The past, present and future of Costco is all about keeping "prices low, volumes high, and … employees happy," reports Brad Stone in Bloomberg Businessweek (6/10/13). "This isn’t Harvard grad stuff," says chief executive Craig Jelinek. "We sell quality stuff at the best possible price. If you treat consumers with respect and treat employees with respect, good things are going to happen to you." Good things certainly have happened to Costco: "While competitors lost customers to the internet and weathered a wave of investor pessimism, Costco’s sales have grown 39 percent and its stock price has doubled since 2009."

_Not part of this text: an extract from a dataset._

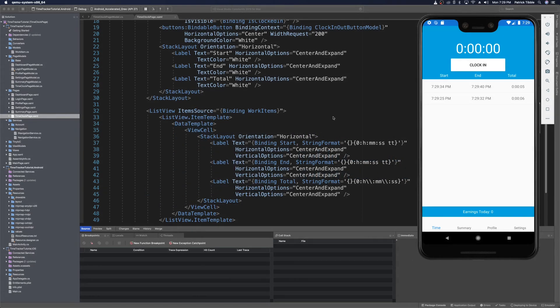Let's get started on the remaining items for the time clock page. We still need to get the label up top to increment when the clock starts and we need to have a running total for earnings today. We can start with the label up top in the header, so let's head over to the page model.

Craig’s philosophy is simple: "We know it’s a lot more profitable in the long term to minimize employee turnover and maximize employee productivity, commitment and loyalty." This is why, during the depths of the recession, then-CEO Jim Sinegal "approved a $1.50-an-hour wage increase for hourly employees, spread out over three years." His reasoning was that Costco should give its employees more, not less, especially in bad times. Indeed, "Costco pays its hourly workers an average of $20.89 an hour, not including overtime." The US minimum wage currently is $7.25 per hour.

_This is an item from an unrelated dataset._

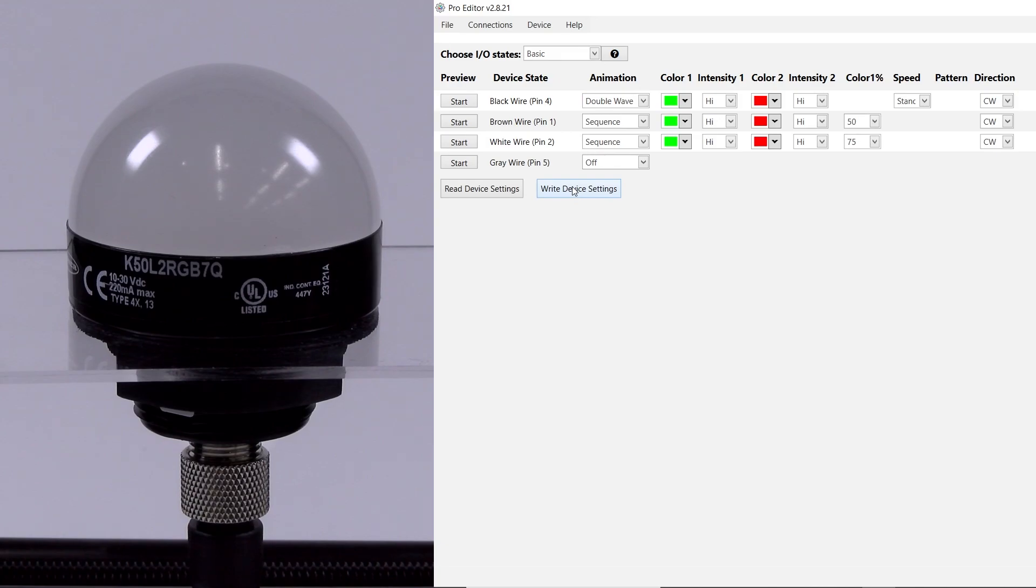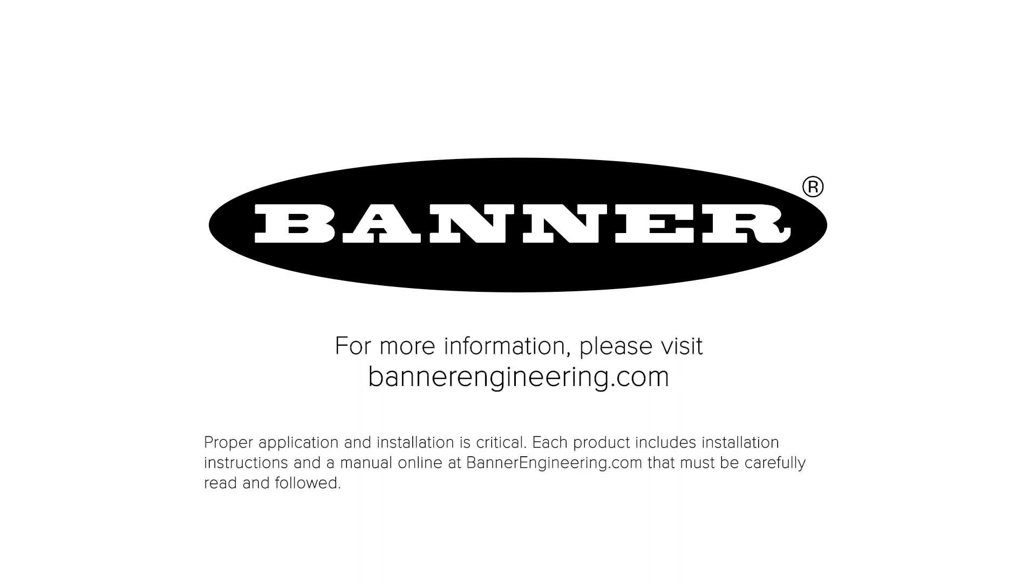That covers the basics of the Banner K50 Pro Series light. For more information, visit BannerEngineering.com.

Keeping costs low means that "almost everything is marked up 14 percent or less over cost." Most of its profits – 80% — come from Costco’s $55 annual membership fee, which its happy customers renew "at a rate close to 90%." The low prices also make Costco less vulnerable to "showrooming," although "as the 17th most popular retail site in the US, its online popularity lags the success of its physical stores." This concerns some Costco executives, but Craig Jelinek simply chants his mantra: "As long as you continue to take care of the customer, take care of employees and keep your expenses in line," he says, "good things are going to happen to you."